Le Sezioni Unite con la suddetta sentenza enunciarono due principi fondamentali: il primo, “chi, con il suo fatto doloso o colposo, cagiona la morte del debitore altrui è obbligato a risarcire il danno subito dal creditore, qualora quella morte abbia determinato l’estinzione del credito e una perdita definitiva e irreparabile per il creditore medesimo”; il secondo, “è definitiva e irreparabile la perdita quando si tratti di obbligazioni di dare a titolo di mantenimento o di alimenti, sempre che non esistano obbligati in grado eguale o posteriore, che possano sopportare il relativo onere, ovvero di obbligazioni di fare rispetto alle quali vi è insostituibilità del debitore, nel senso che non sia possibile al creditore, procurarsi se non a condizioni economiche più onerose, prestazioni eguali o equipollenti”.
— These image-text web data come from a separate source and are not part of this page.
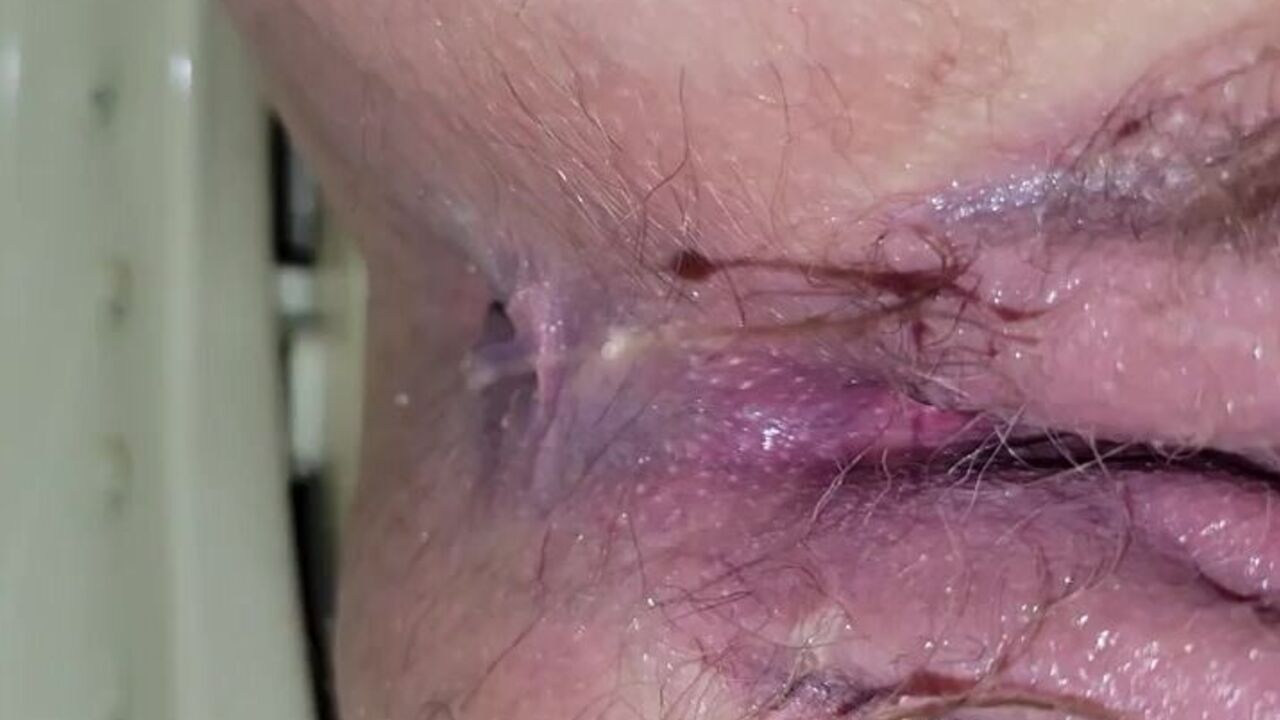 Watch this filthy scat porn video of a scat girl getting drenched in caca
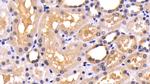 Caspase 8 Antibody in Immunohistochemistry (Paraffin) (IHC (P))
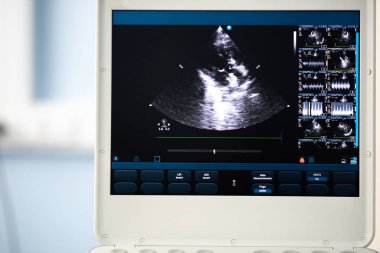 Ultrason cihaz ekran görüntü ile kalp kesim, sol ventrikül çıkım yolu ölçülü.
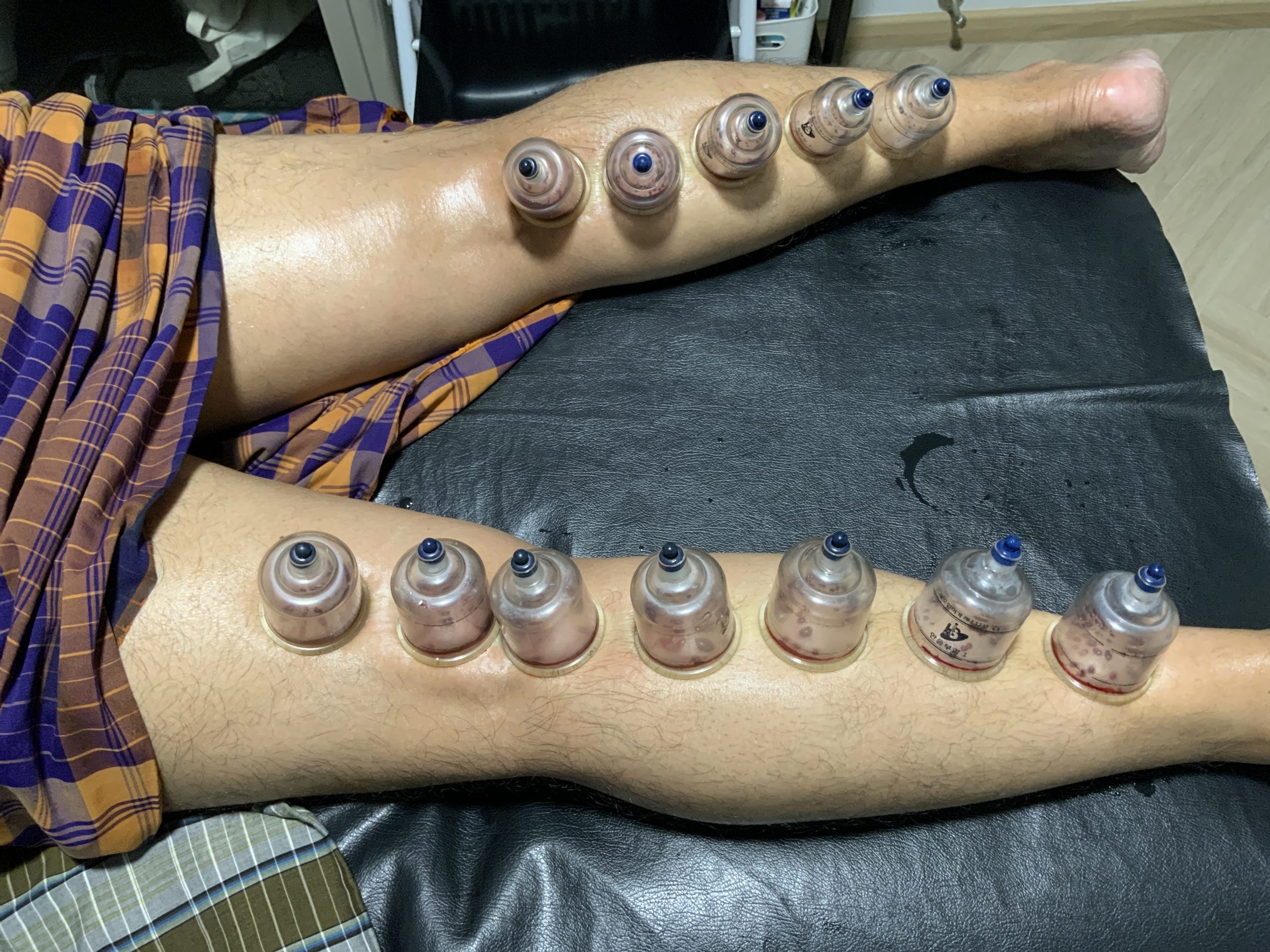 Specialized Treatments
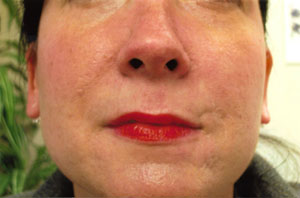Restylane silk after photo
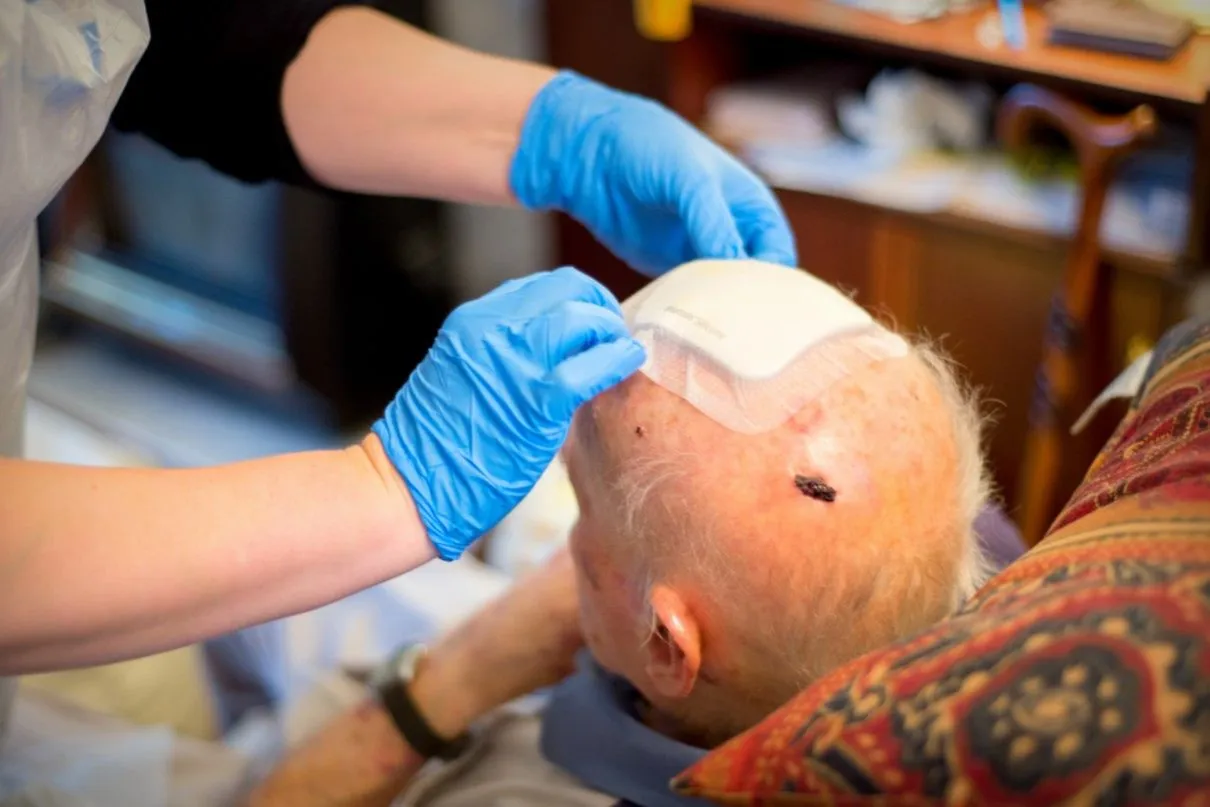 Opatrunek na głowie po mocnym uderzeniu w głowę. Ręce w niebieskich rękawiczkach zakładają opatrunek.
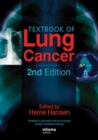 Image for Textbook of lung cancer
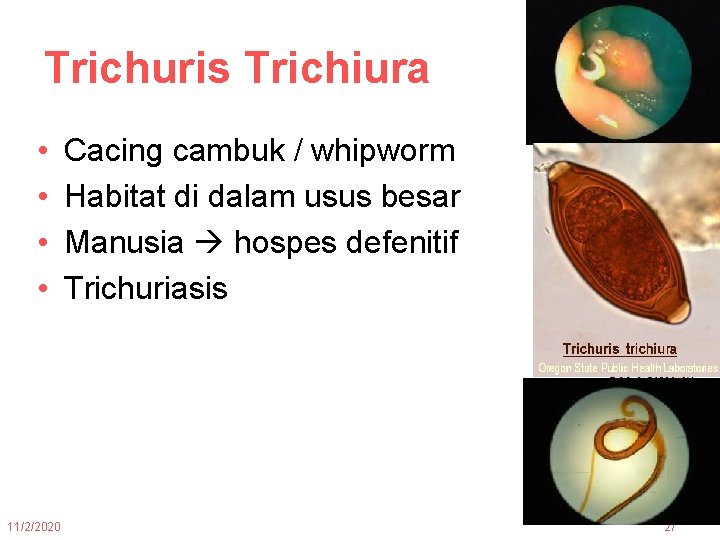 Trichuris Trichiura • • 11/2/2020 Cacing cambuk / whipworm Habitat di dalam usus besar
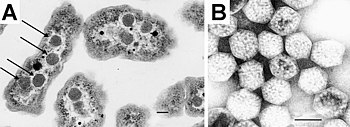 (A) Electron micrograph of Halothiobacillus neapolitanus cells, arrows highlight carboxysomes. (B) Image of intact carboxysomes isolated from H. neapolitanus. Scale bars are 100 nm. Carboxysomes EM.jpg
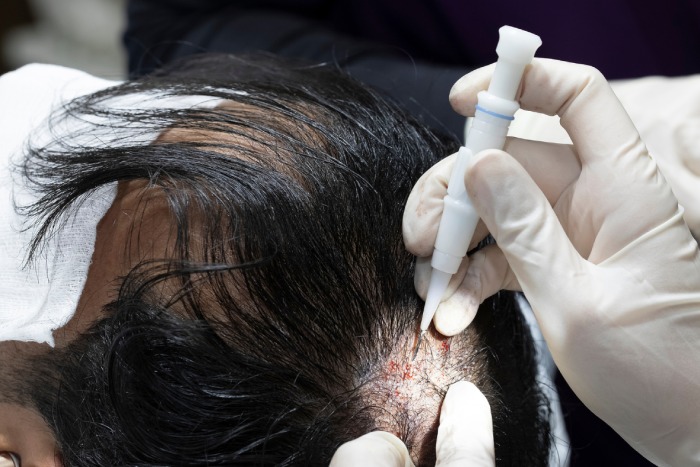 Hair Transplant Turkey Procedures at Sapphire Hair Clinic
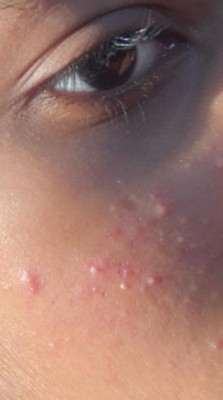 Guest review image 2 of 2, zoom in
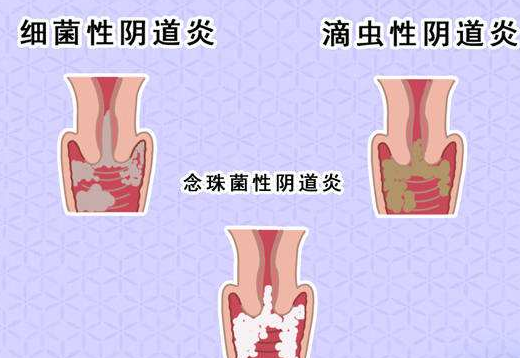 阴道分泌物蜜桃视频在线观看免费剖析什么是细菌性阴道炎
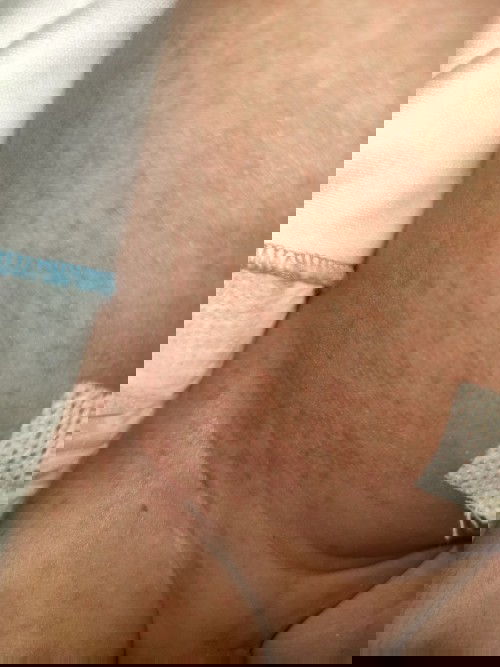 Bintik kecil berwarnah merah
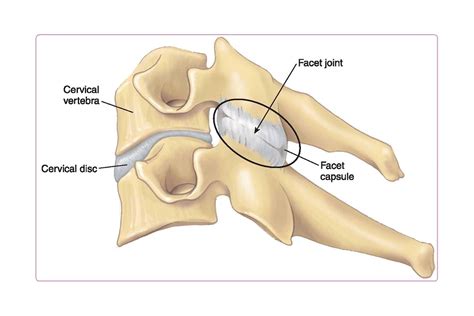 Cervical Facet Joint Anatomy | Hot Sex Picture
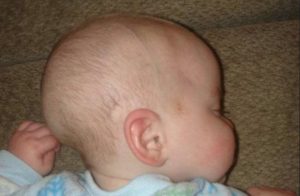 Вытянутая форма головы у новорожденного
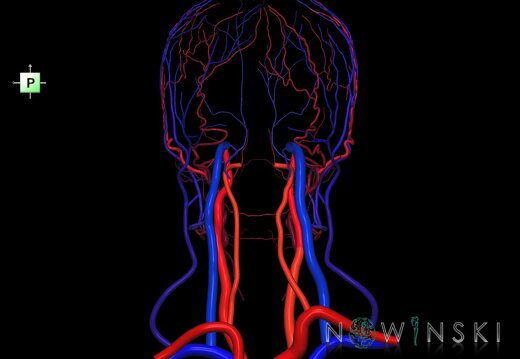 G2.T17.2-18.2.V3.C2.L0.Extracranial arteries all–Extracranial veins all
Quasi vent’anni dopo, le Sezioni Unite tornarono sul punto perfezionando ulteriormente il principio. Infatti, con la sentenza n. 6132 del 1988 le Sezioni Unite stabilivano che “il responsabile di lesioni personali in danno di un lavoratore dipendente, con conseguente invalidità temporanea assoluta, è tenuto a risarcire il suo datore di lavoro per la mancata utilizzazione delle prestazioni lavorative; e ciò a prescindere dalla sostituibilità o meno del dipendente”.
Così facendo, la Corte ha offerto al datore di lavoro una tutela ancora più ampia rispetto a quella stabilita per la perdita di un giocatore “insostituibile”.
Seguendo fedelmente quanto statuito dalle Sezioni Unite, la giurisprudenza di merito e, in particolare, una recente sentenza del Giudice di Pace di Palermo del 16 dicembre 2014, in applicazione del consolidato orientamento della giurisprudenza di legittimità, ha condannato l’assicurazione del veicolo investitore a risarcire i danni, non solo patiti dalla vittima diretta, ma anche quelli lamentati dal suo datore di lavoro.
Più precisamente, si è ritenuto che dovesse essere riconosciuta la risarcibilità del danno patrimoniale patito dal datore di lavoro “per la mancata utilizzazione delle prestazioni lavorative del proprio dipendente”, poiché ciò integra un ingiusto pregiudizio a prescindere dalla sostituibilità o meno dello stesso.
Si è, inoltre, ritenuto che tale pregiudizio dovesse essere liquidato sulla base dell’ammontare delle retribuzioni e dei contributi previdenziali, obbligatoriamente pagati durante il periodo di assenza dell’infortunato, atteso che il relativo esborso esprime il normale valore delle prestazioni perdute.
Infine, nella sopra menzionata sentenza, è stata enunciata anche la possibilità del datore di lavoro di esercitare l’azione di rivalsa direttamente nei confronti della compagnia di assicurazione del responsabile del sinistro.
Infatti, per consolidata giurisprudenza, l’art. 144 del Codice delle Assicurazioni prevede l’azione diretta contro l’assicurazione non soltanto in favore delle persone direttamente e fisicamente coinvolte nell’incidente, ma anche di tutte quelle che abbiano subito un danno in rapporto di derivazione causale con l’incidente medesimo, e, quindi, anche il datore di lavoro, riguardo al pregiudizio subito per l’invalidità temporanea del dipendente.